Resource Catalogue Collections⚓︎

The registrar (eoepca/rm-data-access-core) container image is pre-loaded with two collections at the path /registrar_pycsw/registrar_pycsw/resources, (in the built container the files are at the path /usr/local/lib/python3.8/dist-packages/registrar_pycsw/resources/):

  • S2MSI1C.yml - identifier: S2MSI1C
  • S2MSI2A.yml - identifier: S2MSI2A

The registrar applies these collections into the resource-catalogue during start-up - to create pre-defined out-of-the-box collections in pycsw.

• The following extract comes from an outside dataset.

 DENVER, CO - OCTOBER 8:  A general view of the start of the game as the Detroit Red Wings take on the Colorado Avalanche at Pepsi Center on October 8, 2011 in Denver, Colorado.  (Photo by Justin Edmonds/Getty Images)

During registration, the PycswBackend of the registrar uses the Product Type to map the product into the collection of the same name - using metadata field parentidentifier.

Data Specification⚓︎

The data-access service data handling is configured by definition of productTypes, collections and layers

  • productTypes identify the underlying file assets as WCS coverages and their visual representation
  • collections provide groupings into which products are organised
  • layers specifies the hoe the product visual representations are exposed through the WMS service

productType⚓︎

During registration, products are mapped into a productType via a filter that is applied against the STAC item metadata.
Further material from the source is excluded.